Network Working Group                                            S. Peng
Internet-Draft                                                     Z. Li
Intended status: Informational                       Huawei Technologies
Expires: April 4, 2021                                          D. Voyer
                                                             Bell Canada
                                                                   C. Li
                                                           China Telecom
                                                                  P. Liu
                                                            China Mobile
                                                                  C. Cao
                                                            China Unicom
                                                         October 1, 2020


                APN Security and Privacy Considerations
            draft-peng-apn-security-privacy-consideration-00

Abstract

   APN (Application-aware Networking) architecture aims to convey
   Application-aware Information including application/user/flow
   identifiers and SLA/service requirements along with the data packets
   into the network and make the network aware of applications and their
   requirements in order to provide corresponding application-aware
   network services and guarantee their SLA requirements.

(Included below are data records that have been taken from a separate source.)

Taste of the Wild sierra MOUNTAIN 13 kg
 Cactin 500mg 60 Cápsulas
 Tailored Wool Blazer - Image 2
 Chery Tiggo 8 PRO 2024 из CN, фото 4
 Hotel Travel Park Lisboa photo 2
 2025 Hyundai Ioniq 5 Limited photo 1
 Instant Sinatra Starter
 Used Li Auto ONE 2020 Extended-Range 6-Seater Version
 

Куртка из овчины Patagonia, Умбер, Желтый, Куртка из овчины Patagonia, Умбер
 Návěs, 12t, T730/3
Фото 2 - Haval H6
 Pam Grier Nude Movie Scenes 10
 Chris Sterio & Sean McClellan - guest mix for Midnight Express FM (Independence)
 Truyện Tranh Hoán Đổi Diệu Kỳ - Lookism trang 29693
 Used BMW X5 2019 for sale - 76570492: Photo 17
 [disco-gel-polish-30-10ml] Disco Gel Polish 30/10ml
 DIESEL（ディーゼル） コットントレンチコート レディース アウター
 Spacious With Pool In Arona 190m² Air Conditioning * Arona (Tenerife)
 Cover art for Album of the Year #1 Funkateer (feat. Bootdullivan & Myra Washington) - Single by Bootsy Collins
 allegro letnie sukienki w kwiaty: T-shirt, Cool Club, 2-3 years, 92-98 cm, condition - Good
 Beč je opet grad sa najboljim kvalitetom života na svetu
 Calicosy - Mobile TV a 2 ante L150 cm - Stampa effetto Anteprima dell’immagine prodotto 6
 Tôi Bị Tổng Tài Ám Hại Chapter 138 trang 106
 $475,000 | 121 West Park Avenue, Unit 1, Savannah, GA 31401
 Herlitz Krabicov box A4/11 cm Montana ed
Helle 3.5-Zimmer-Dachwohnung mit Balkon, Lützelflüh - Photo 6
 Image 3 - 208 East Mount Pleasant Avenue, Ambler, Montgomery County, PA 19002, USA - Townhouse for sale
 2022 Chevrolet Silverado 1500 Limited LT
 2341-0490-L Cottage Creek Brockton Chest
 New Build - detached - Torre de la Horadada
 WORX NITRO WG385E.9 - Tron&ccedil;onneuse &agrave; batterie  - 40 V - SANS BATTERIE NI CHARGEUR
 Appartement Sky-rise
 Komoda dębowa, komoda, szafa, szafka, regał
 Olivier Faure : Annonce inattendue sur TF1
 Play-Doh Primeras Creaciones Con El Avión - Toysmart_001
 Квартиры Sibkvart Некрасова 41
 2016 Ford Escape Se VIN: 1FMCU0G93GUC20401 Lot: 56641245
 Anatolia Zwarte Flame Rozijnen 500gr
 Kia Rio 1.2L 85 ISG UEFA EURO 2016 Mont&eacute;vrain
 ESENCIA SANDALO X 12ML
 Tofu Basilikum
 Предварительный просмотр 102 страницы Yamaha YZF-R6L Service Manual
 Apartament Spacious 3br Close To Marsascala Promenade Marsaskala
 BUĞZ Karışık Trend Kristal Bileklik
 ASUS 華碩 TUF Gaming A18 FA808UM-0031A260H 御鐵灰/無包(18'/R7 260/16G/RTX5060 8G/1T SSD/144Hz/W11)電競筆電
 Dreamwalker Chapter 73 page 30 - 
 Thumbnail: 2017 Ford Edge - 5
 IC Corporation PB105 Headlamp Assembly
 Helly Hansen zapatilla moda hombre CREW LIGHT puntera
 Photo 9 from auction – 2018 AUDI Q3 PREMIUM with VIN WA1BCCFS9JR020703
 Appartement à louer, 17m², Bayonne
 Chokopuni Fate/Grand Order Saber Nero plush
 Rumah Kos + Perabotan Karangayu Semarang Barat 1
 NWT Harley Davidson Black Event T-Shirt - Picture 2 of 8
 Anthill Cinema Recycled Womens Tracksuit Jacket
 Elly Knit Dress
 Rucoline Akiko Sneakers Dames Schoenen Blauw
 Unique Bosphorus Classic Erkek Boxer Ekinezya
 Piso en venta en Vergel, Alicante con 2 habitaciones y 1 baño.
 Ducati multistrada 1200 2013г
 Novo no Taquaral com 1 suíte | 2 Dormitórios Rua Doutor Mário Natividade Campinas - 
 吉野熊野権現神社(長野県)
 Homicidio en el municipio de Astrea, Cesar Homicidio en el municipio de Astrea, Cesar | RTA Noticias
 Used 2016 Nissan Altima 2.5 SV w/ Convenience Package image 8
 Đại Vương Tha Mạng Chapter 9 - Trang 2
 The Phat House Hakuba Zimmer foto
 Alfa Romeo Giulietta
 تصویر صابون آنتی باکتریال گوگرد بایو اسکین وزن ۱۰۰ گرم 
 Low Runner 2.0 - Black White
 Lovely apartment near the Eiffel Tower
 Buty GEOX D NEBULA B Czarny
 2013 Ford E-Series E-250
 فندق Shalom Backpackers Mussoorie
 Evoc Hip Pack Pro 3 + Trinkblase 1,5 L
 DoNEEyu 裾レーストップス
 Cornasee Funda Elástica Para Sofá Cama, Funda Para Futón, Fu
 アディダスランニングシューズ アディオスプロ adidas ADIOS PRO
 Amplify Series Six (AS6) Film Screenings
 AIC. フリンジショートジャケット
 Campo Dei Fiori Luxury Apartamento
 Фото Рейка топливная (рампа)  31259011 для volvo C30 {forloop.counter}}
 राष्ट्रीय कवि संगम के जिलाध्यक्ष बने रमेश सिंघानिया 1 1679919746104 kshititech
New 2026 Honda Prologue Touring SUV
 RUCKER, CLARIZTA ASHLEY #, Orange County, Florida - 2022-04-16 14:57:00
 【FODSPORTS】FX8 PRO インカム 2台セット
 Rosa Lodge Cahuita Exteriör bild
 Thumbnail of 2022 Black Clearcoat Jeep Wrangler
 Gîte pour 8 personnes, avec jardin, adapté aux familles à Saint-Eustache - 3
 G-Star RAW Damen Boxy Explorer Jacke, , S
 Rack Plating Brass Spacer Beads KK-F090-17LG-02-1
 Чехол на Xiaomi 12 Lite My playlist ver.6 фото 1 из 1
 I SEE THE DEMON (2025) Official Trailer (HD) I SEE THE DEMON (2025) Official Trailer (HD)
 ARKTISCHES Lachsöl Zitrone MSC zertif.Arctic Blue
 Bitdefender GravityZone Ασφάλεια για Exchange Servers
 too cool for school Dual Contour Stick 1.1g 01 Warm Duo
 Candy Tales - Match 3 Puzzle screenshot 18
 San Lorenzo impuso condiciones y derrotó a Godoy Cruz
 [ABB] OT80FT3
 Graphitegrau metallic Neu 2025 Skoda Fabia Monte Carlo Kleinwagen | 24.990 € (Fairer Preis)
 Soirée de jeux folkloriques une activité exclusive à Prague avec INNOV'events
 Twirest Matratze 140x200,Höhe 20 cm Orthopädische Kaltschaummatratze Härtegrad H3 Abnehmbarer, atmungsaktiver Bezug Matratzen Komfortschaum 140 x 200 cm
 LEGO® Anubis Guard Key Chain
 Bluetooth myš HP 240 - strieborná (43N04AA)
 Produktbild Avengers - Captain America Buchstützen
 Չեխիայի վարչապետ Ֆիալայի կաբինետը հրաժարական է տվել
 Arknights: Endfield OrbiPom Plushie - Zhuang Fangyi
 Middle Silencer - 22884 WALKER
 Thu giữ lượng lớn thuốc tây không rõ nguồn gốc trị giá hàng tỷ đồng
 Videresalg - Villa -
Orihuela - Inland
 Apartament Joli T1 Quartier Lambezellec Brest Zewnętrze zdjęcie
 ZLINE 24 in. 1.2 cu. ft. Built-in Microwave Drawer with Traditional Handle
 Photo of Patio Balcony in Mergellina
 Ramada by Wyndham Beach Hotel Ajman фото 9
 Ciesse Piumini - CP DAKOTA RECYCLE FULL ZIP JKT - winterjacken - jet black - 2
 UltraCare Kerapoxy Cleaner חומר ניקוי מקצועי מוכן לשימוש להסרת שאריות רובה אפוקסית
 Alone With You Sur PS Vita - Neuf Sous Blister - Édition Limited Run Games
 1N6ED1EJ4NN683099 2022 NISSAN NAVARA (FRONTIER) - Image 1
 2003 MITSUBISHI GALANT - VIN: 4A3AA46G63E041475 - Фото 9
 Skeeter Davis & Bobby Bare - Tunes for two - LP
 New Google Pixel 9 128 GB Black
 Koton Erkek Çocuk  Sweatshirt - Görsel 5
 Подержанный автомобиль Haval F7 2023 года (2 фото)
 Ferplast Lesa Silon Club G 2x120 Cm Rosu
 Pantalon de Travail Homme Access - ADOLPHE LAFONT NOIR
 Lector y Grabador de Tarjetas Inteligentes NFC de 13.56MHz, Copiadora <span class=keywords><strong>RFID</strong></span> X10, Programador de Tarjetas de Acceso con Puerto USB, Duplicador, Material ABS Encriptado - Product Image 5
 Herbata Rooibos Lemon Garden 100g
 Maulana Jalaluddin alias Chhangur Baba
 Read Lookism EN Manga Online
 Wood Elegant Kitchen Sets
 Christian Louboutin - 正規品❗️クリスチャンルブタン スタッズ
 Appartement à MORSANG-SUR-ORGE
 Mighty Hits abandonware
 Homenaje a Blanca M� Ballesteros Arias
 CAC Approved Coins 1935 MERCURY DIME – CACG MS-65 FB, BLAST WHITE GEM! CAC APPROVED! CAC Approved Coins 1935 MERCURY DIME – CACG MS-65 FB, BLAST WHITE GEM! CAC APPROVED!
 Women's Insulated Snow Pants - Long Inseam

   There have been challenges of the privacy and security issues that
   could potentially be introduced by conveying the application-aware
   information into the network.  This document describes the security
   and privacy considerations of APN in various possible scenarios
   wherein APN will be deployed.

Requirements Language

   The key words "MUST", "MUST NOT", "REQUIRED", "SHALL", "SHALL NOT",
   "SHOULD", "SHOULD NOT", "RECOMMENDED", "MAY", and "OPTIONAL" in this
   document are to be interpreted as described in RFC 2119 [RFC2119].

Status of This Memo

   This Internet-Draft is submitted in full conformance with the
   provisions of BCP 78 and BCP 79.

   Internet-Drafts are working documents of the Internet Engineering
   Task Force (IETF).  Note that other groups may also distribute
   working documents as Internet-Drafts.  The list of current Internet-
   Drafts is at https://datatracker.ietf.org/drafts/current/.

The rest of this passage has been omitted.